Pour distinguer l’un de l’autre, si possible, et malgré leur relation
historique (je pense aux années 1930), et sans complaisance non plus pour l’un
ou l’autre. Pour ne pas sombrer dans un pessimisme qui nous empêcherait de
voir, à côté du fascisme, ce qui résiste, ce qui survit.

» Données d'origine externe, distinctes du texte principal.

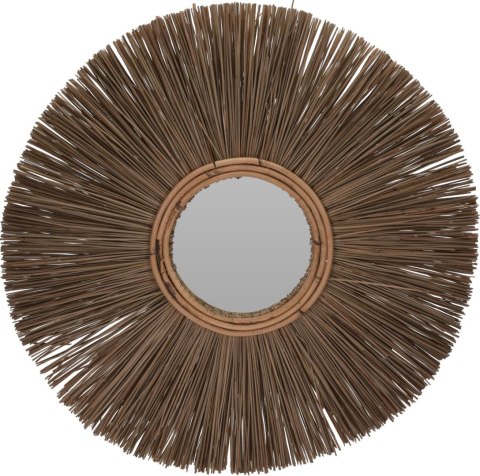 Lustro okrągłe boho Kubul 66 cm do przedpokoju i salonu w naturalnej ramie na ścianę ( Rozmiar: uniwersalny )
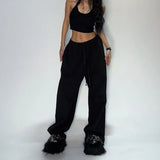 FOESCE Oversize Woman Grey Black Sweatpants Y2K Korean Streetwear Loose Casual Jogger Pants High Waist All Match Drawstring Trousers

Et en effet, l’insurrection
survit, qu’on n’attend pas, qui ne ressemble peut-être pas à celle qu’on
attend, mais qui rouvre à chaque fois l’arène d’un conflit, une scène politique
qui actualise les rapports de force en présence, et constitue en cela la
volonté de représenter et de symboliser un tort. Les émeutes qui ont eu lieu
partout en France cette année contre la réforme des retraites, et par ailleurs
celles qui ont fait suite à l’assassinat du jeune Nahel par un policier, en
juillet dernier, comptent au nombre de ces évènements qui ne sont pas fascistes
mais qui sont insurrectionnels, et qui me font penser que la répartition des
forces, de la force et des torts, ne suit pas une seule ligne.
Et de fait, sans en
attribuer l’autorité à aucun texte ni revue ni auteur, l’insurrection, la
pratique émeutière et l’activisme en général est un mode d’expression politique
qui revient, et s’impose depuis les années 2000, et constitue aujourd’hui une
expérience, une forme de résistance à l’autoritarisme de l’état (les 49.3), aux
violences policières, à l’imposition d’infrastructure écocides, mais également
aux milices d’extrême droite. Daniel Bensaid, dans le numéro « Ruptures
sociales – ruptures raciales » en 2006 avait d’ailleurs donné des outils
pour tisser une relation entre le mouvement contre le CPE et les émeutes des
banlieues, les faire résonner du point de vue social sans les assimiler l’une à
l’autre, ni les opposer. La ressemblance entre cette période et les évènements
de cette année, les différentes facettes de la révolte sociale, est d’ailleurs
saisissante.
Si je suis en désaccord avec
ta décision – il me semble que « Lignes » devrait continuer contre le
fascisme plutôt que de baisser le rideau, comme tu dis – j’y répondrai en
cherchant dans ma propre expérience les moyens que la revue m’a donnés pour
lutter contre.
Plutôt que : où
allons-nous ? : Qu’avons-nous appris ensemble ? Et que
reste-t-il à apprendre ?
Et, peut-être : comment
défaire l’impression que le fascisme serait exactement cela : la défaite
de la pensée. Impression, sentiment, qui nous prennent au piège de l’un et de l’autre.